Task to carry out >> Write down exactly what lies from the line containing "this 780×520 image." to the end of the records, inclusive, and omit the pictures.
---- Data excerpts
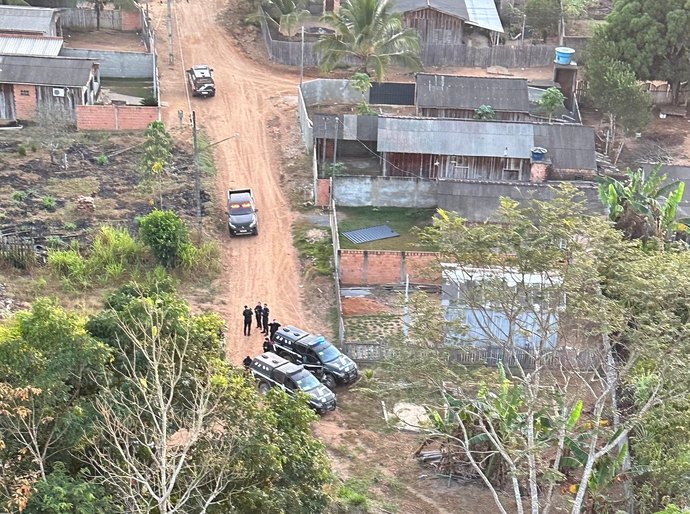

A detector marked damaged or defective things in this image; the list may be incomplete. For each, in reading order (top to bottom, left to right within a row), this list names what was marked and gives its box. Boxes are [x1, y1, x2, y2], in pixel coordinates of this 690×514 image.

rusty metal roof [0, 35, 62, 56]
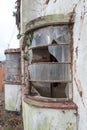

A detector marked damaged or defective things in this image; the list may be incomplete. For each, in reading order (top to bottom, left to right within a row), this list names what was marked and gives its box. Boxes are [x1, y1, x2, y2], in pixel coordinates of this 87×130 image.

rusted metal frame [24, 14, 73, 33]
broken window [28, 25, 72, 98]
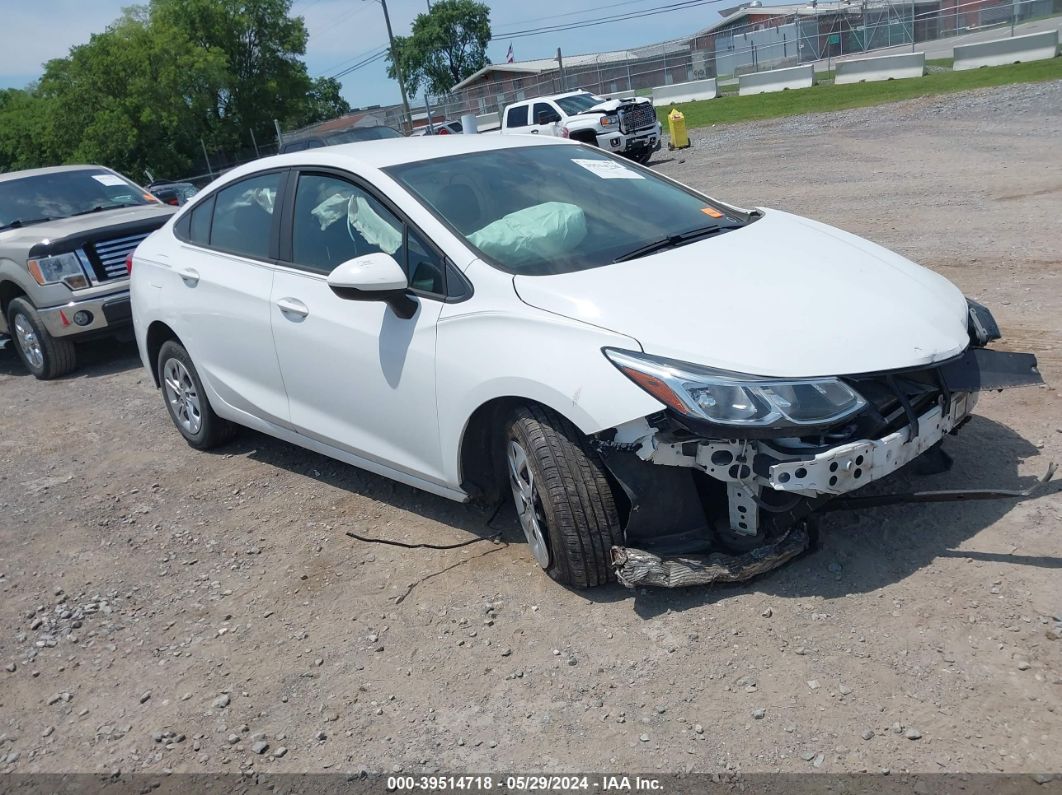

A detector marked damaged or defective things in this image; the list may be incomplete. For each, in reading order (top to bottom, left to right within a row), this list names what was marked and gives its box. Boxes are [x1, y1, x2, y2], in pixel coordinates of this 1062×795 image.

deployed airbag [471, 201, 590, 266]
damaged white car [130, 133, 1045, 585]
broken headlight assembly [607, 348, 862, 430]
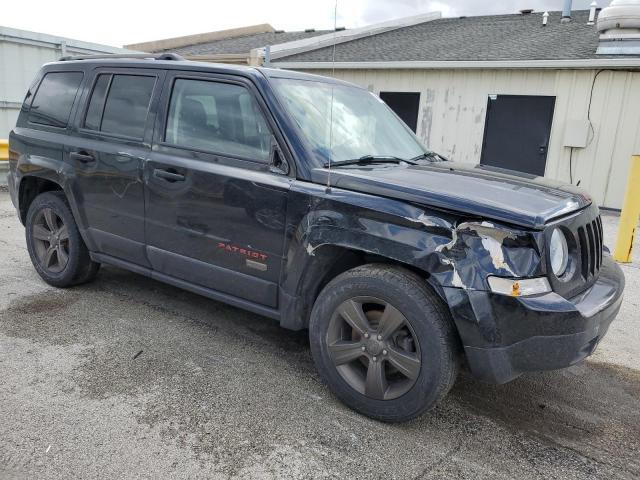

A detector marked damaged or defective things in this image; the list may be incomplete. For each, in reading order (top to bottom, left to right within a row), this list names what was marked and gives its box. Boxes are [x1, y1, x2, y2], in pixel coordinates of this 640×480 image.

dented hood [316, 161, 592, 229]
cracked pavement [0, 192, 636, 480]
damaged front bumper [444, 255, 624, 382]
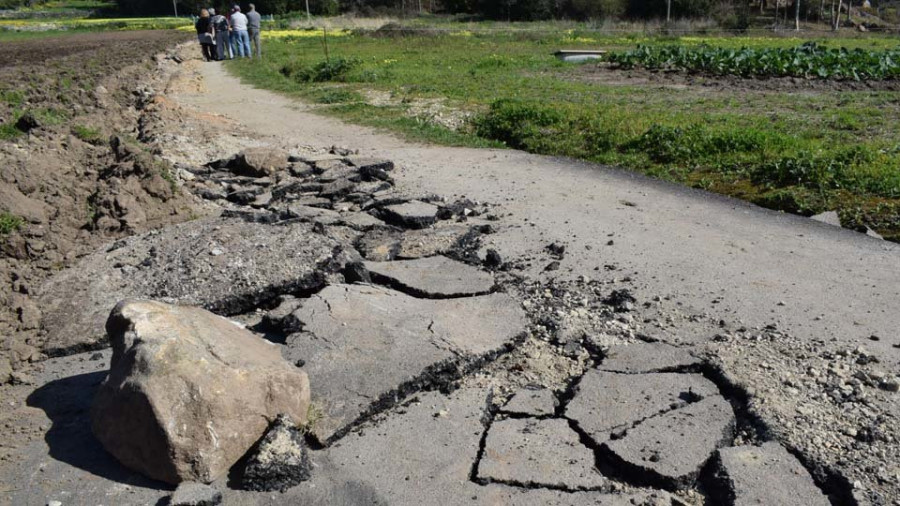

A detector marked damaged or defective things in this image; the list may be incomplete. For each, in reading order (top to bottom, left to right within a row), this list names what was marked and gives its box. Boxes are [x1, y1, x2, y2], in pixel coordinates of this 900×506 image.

broken asphalt slab [364, 255, 496, 298]
broken asphalt slab [282, 284, 528, 442]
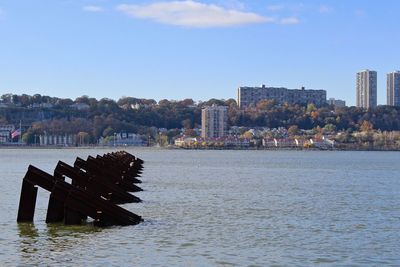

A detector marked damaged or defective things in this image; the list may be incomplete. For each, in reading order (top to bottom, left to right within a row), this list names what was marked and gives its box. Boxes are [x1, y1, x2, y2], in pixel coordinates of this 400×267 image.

rusty metal structure [18, 152, 145, 227]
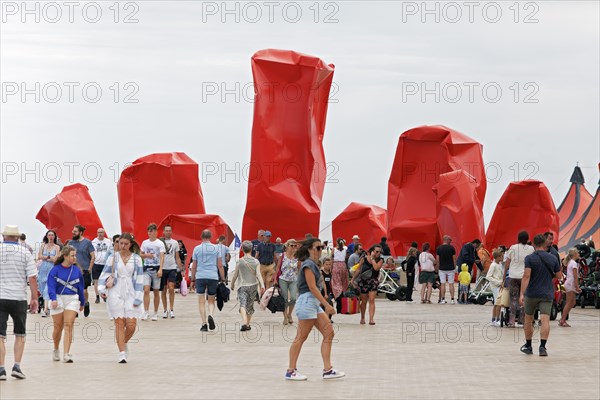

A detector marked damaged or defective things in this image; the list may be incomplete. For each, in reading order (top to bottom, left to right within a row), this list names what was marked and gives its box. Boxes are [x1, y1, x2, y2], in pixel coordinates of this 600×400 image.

crumpled red metal form [239, 48, 336, 242]
crumpled red metal form [36, 184, 105, 242]
crumpled red metal form [117, 152, 206, 241]
crumpled red metal form [158, 214, 233, 255]
crumpled red metal form [330, 203, 386, 250]
crumpled red metal form [390, 125, 482, 256]
crumpled red metal form [434, 170, 486, 252]
crumpled red metal form [486, 180, 560, 250]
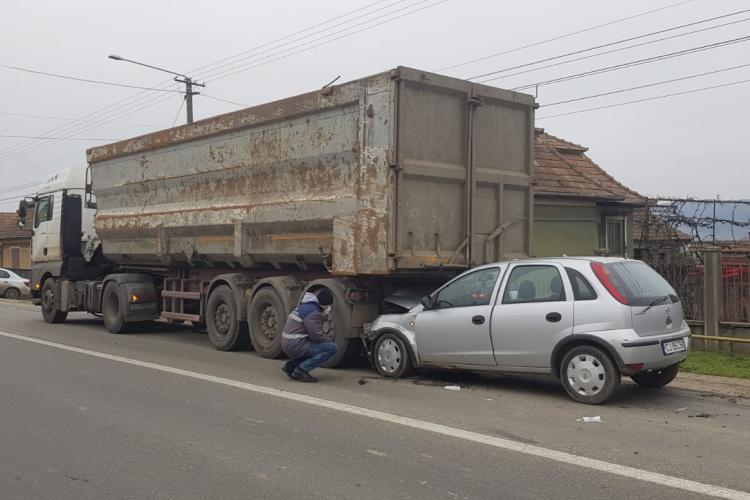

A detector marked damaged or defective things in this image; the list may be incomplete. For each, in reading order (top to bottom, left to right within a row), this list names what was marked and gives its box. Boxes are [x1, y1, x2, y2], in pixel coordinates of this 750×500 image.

rusty dump trailer [41, 65, 536, 364]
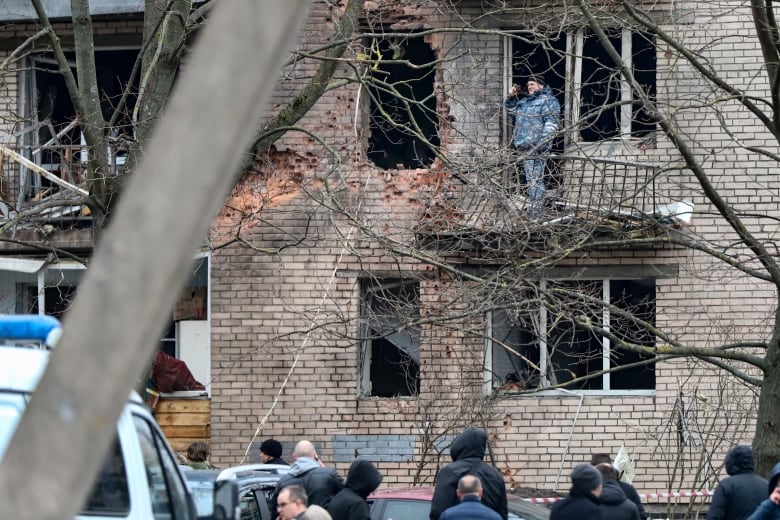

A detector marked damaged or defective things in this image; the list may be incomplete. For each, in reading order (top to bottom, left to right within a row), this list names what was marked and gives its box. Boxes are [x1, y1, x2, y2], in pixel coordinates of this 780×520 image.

damaged roof edge [0, 0, 207, 22]
broken window [20, 48, 140, 200]
broken window [366, 32, 438, 170]
broken window [508, 26, 656, 144]
window with broken glass [508, 26, 656, 146]
bent metal railing [420, 154, 664, 236]
damaged balcony [414, 154, 688, 252]
broken window [360, 278, 420, 396]
window with broken glass [360, 278, 420, 396]
shattered window frame [484, 280, 656, 394]
broken window [488, 278, 660, 392]
window with broken glass [488, 278, 660, 392]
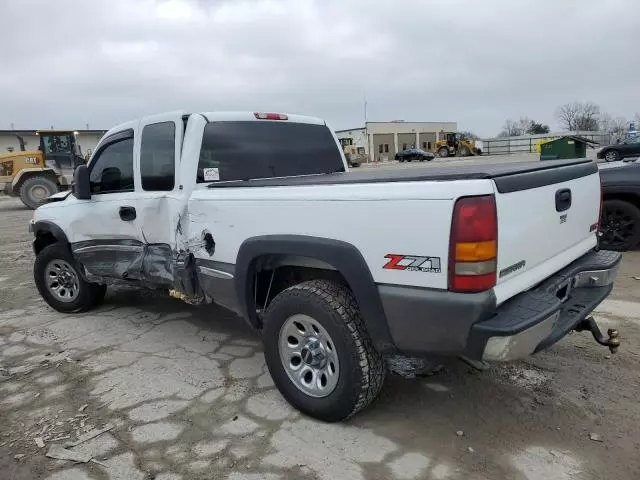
--------
Output below >>
A detector marked damaged or defective things in this image; the list may be incomplete. For each, in reading order (top to bottom, left to right within a row), this list names what was marked and gives its box. Boxes are [x1, y1, x2, y2], in pixel coordinates of this 780×520 image.

damaged roof edge [0, 0, 207, 22]
broken window [20, 48, 140, 200]
broken window [366, 32, 438, 170]
broken window [508, 26, 656, 144]
window with broken glass [508, 26, 656, 146]
bent metal railing [420, 154, 664, 236]
damaged balcony [414, 154, 688, 252]
broken window [360, 278, 420, 396]
window with broken glass [360, 278, 420, 396]
shattered window frame [484, 280, 656, 394]
broken window [488, 278, 660, 392]
window with broken glass [488, 278, 660, 392]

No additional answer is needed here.